Retype each entry. Leave nothing out.

[Data extracts]

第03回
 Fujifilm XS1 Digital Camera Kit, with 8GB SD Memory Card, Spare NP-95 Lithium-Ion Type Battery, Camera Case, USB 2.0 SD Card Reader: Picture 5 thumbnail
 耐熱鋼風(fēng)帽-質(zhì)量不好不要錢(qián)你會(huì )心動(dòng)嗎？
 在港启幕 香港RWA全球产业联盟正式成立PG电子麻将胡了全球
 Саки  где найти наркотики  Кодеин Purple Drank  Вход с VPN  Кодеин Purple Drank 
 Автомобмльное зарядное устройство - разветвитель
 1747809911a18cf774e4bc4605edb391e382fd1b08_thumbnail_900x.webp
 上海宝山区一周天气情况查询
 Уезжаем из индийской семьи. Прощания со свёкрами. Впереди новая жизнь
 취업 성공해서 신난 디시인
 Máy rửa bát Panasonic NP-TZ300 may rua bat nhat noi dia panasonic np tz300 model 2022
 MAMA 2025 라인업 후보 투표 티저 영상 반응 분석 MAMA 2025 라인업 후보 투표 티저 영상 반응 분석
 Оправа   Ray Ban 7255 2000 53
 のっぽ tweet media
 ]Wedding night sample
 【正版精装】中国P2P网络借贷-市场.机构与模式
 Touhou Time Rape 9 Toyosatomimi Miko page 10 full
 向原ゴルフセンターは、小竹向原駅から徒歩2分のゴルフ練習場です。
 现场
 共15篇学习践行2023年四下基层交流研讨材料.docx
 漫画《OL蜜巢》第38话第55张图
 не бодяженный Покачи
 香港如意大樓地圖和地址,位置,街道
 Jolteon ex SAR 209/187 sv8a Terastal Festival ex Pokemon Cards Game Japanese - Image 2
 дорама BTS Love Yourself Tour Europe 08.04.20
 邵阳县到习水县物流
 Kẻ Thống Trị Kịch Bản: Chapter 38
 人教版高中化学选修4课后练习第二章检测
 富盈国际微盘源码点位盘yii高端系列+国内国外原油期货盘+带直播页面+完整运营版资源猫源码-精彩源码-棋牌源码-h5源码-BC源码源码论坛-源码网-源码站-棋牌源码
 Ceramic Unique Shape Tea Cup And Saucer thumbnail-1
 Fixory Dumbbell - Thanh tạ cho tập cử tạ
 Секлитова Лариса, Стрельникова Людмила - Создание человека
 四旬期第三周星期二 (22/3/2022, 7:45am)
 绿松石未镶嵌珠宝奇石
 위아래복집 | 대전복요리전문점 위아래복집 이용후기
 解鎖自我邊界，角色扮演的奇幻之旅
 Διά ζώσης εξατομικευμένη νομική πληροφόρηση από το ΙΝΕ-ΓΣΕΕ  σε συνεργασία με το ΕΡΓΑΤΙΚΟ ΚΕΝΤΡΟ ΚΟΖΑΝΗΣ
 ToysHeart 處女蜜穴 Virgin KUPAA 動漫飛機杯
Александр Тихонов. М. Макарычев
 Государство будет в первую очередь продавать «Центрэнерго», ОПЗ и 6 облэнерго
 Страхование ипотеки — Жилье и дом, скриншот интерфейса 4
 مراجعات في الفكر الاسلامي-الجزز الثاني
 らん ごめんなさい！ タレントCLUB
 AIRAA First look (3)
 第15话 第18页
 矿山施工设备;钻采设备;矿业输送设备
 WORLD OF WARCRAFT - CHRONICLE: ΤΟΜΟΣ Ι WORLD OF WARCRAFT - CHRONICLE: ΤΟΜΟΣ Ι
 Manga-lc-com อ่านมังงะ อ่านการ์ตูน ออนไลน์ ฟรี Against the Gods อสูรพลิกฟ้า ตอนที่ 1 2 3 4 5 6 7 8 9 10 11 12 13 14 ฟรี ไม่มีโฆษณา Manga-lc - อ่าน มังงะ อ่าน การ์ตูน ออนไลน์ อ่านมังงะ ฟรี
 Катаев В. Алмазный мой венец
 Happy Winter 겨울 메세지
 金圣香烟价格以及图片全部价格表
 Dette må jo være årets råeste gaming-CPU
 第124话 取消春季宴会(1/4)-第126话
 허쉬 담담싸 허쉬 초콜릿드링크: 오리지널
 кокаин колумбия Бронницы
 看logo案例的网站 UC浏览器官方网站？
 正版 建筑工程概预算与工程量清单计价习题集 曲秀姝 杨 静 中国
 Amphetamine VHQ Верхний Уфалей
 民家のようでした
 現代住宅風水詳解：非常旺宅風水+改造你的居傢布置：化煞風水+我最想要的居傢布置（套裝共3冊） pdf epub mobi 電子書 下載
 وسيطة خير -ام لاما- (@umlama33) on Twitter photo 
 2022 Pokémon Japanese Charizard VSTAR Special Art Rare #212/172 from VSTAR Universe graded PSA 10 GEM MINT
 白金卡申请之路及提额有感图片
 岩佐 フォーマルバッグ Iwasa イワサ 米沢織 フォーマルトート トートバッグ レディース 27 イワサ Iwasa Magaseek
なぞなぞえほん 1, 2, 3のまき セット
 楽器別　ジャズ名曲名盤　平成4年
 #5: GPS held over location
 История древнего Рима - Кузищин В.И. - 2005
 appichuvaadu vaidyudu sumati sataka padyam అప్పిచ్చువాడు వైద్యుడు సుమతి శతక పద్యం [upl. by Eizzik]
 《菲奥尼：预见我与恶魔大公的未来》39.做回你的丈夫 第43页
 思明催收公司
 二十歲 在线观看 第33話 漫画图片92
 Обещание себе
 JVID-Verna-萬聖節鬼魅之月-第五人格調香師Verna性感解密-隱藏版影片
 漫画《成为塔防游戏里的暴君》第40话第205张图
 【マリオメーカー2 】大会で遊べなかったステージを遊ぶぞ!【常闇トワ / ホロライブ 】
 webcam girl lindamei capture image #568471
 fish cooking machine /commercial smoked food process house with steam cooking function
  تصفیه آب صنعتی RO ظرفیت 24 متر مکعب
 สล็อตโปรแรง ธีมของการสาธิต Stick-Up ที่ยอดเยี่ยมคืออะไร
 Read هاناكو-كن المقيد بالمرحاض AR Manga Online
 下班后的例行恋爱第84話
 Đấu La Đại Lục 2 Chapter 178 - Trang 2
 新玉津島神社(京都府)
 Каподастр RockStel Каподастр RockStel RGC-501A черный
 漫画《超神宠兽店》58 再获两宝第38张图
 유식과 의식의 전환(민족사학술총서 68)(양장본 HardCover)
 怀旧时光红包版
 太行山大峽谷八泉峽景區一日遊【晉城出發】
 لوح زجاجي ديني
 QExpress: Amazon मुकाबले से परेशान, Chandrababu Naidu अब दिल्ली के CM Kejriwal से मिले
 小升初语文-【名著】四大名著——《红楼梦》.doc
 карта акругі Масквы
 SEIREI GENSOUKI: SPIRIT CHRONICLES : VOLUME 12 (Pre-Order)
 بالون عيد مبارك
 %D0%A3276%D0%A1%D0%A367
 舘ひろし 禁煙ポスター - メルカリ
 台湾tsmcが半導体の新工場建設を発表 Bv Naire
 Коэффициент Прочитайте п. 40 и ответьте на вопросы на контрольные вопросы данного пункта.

[/Data extracts]

- [Response area]:
第03回
 Fujifilm XS1 Digital Camera Kit, with 8GB SD Memory Card, Spare NP-95 Lithium-Ion Type Battery, Camera Case, USB 2.0 SD Card Reader: Picture 5 thumbnail
 耐熱鋼風(fēng)帽-質(zhì)量不好不要錢(qián)你會(huì )心動(dòng)嗎？
 在港启幕 香港RWA全球产业联盟正式成立PG电子麻将胡了全球
 Саки  где найти наркотики  Кодеин Purple Drank  Вход с VPN  Кодеин Purple Drank 
 Автомобмльное зарядное устройство - разветвитель
 1747809911a18cf774e4bc4605edb391e382fd1b08_thumbnail_900x.webp
 上海宝山区一周天气情况查询
 Уезжаем из индийской семьи. Прощания со свёкрами. Впереди новая жизнь
 취업 성공해서 신난 디시인
 Máy rửa bát Panasonic NP-TZ300 may rua bat nhat noi dia panasonic np tz300 model 2022
 MAMA 2025 라인업 후보 투표 티저 영상 반응 분석 MAMA 2025 라인업 후보 투표 티저 영상 반응 분석
 Оправа   Ray Ban 7255 2000 53
 のっぽ tweet media
 ]Wedding night sample
 【正版精装】中国P2P网络借贷-市场.机构与模式
 Touhou Time Rape 9 Toyosatomimi Miko page 10 full
 向原ゴルフセンターは、小竹向原駅から徒歩2分のゴルフ練習場です。
 现场
 共15篇学习践行2023年四下基层交流研讨材料.docx
 漫画《OL蜜巢》第38话第55张图
 не бодяженный Покачи
 香港如意大樓地圖和地址,位置,街道
 Jolteon ex SAR 209/187 sv8a Terastal Festival ex Pokemon Cards Game Japanese - Image 2
 дорама BTS Love Yourself Tour Europe 08.04.20
 邵阳县到习水县物流
 Kẻ Thống Trị Kịch Bản: Chapter 38
 人教版高中化学选修4课后练习第二章检测
 富盈国际微盘源码点位盘yii高端系列+国内国外原油期货盘+带直播页面+完整运营版资源猫源码-精彩源码-棋牌源码-h5源码-BC源码源码论坛-源码网-源码站-棋牌源码
 Ceramic Unique Shape Tea Cup And Saucer thumbnail-1
 Fixory Dumbbell - Thanh tạ cho tập cử tạ
 Секлитова Лариса, Стрельникова Людмила - Создание человека
 四旬期第三周星期二 (22/3/2022, 7:45am)
 绿松石未镶嵌珠宝奇石
 위아래복집 | 대전복요리전문점 위아래복집 이용후기
 解鎖自我邊界，角色扮演的奇幻之旅
 Διά ζώσης εξατομικευμένη νομική πληροφόρηση από το ΙΝΕ-ΓΣΕΕ  σε συνεργασία με το ΕΡΓΑΤΙΚΟ ΚΕΝΤΡΟ ΚΟΖΑΝΗΣ
 ToysHeart 處女蜜穴 Virgin KUPAA 動漫飛機杯
Александр Тихонов. М. Макарычев
 Государство будет в первую очередь продавать «Центрэнерго», ОПЗ и 6 облэнерго
 Страхование ипотеки — Жилье и дом, скриншот интерфейса 4
 مراجعات في الفكر الاسلامي-الجزز الثاني
 らん ごめんなさい！ タレントCLUB
 AIRAA First look (3)
 第15话 第18页
 矿山施工设备;钻采设备;矿业输送设备
 WORLD OF WARCRAFT - CHRONICLE: ΤΟΜΟΣ Ι WORLD OF WARCRAFT - CHRONICLE: ΤΟΜΟΣ Ι
 Manga-lc-com อ่านมังงะ อ่านการ์ตูน ออนไลน์ ฟรี Against the Gods อสูรพลิกฟ้า ตอนที่ 1 2 3 4 5 6 7 8 9 10 11 12 13 14 ฟรี ไม่มีโฆษณา Manga-lc - อ่าน มังงะ อ่าน การ์ตูน ออนไลน์ อ่านมังงะ ฟรี
 Катаев В. Алмазный мой венец
 Happy Winter 겨울 메세지
 金圣香烟价格以及图片全部价格表
 Dette må jo være årets råeste gaming-CPU
 第124话 取消春季宴会(1/4)-第126话
 허쉬 담담싸 허쉬 초콜릿드링크: 오리지널
 кокаин колумбия Бронницы
 看logo案例的网站 UC浏览器官方网站？
 正版 建筑工程概预算与工程量清单计价习题集 曲秀姝 杨 静 中国
 Amphetamine VHQ Верхний Уфалей
 民家のようでした
 現代住宅風水詳解：非常旺宅風水+改造你的居傢布置：化煞風水+我最想要的居傢布置（套裝共3冊） pdf epub mobi 電子書 下載
 وسيطة خير -ام لاما- (@umlama33) on Twitter photo 
 2022 Pokémon Japanese Charizard VSTAR Special Art Rare #212/172 from VSTAR Universe graded PSA 10 GEM MINT
 白金卡申请之路及提额有感图片
 岩佐 フォーマルバッグ Iwasa イワサ 米沢織 フォーマルトート トートバッグ レディース 27 イワサ Iwasa Magaseek
なぞなぞえほん 1, 2, 3のまき セット
 楽器別　ジャズ名曲名盤　平成4年
 #5: GPS held over location
 История древнего Рима - Кузищин В.И. - 2005
 appichuvaadu vaidyudu sumati sataka padyam అప్పిచ్చువాడు వైద్యుడు సుమతి శతక పద్యం [upl. by Eizzik]
 《菲奥尼：预见我与恶魔大公的未来》39.做回你的丈夫 第43页
 思明催收公司
 二十歲 在线观看 第33話 漫画图片92
 Обещание себе
 JVID-Verna-萬聖節鬼魅之月-第五人格調香師Verna性感解密-隱藏版影片
 漫画《成为塔防游戏里的暴君》第40话第205张图
 【マリオメーカー2 】大会で遊べなかったステージを遊ぶぞ!【常闇トワ / ホロライブ 】
 webcam girl lindamei capture image #568471
 fish cooking machine /commercial smoked food process house with steam cooking function
  تصفیه آب صنعتی RO ظرفیت 24 متر مکعب
 สล็อตโปรแรง ธีมของการสาธิต Stick-Up ที่ยอดเยี่ยมคืออะไร
 Read هاناكو-كن المقيد بالمرحاض AR Manga Online
 下班后的例行恋爱第84話
 Đấu La Đại Lục 2 Chapter 178 - Trang 2
 新玉津島神社(京都府)
 Каподастр RockStel Каподастр RockStel RGC-501A черный
 漫画《超神宠兽店》58 再获两宝第38张图
 유식과 의식의 전환(민족사학술총서 68)(양장본 HardCover)
 怀旧时光红包版
 太行山大峽谷八泉峽景區一日遊【晉城出發】
 لوح زجاجي ديني
 QExpress: Amazon मुकाबले से परेशान, Chandrababu Naidu अब दिल्ली के CM Kejriwal से मिले
 小升初语文-【名著】四大名著——《红楼梦》.doc
 карта акругі Масквы
 SEIREI GENSOUKI: SPIRIT CHRONICLES : VOLUME 12 (Pre-Order)
 بالون عيد مبارك
 %D0%A3276%D0%A1%D0%A367
 舘ひろし 禁煙ポスター - メルカリ
 台湾tsmcが半導体の新工場建設を発表 Bv Naire
 Коэффициент Прочитайте п. 40 и ответьте на вопросы на контрольные вопросы данного пункта.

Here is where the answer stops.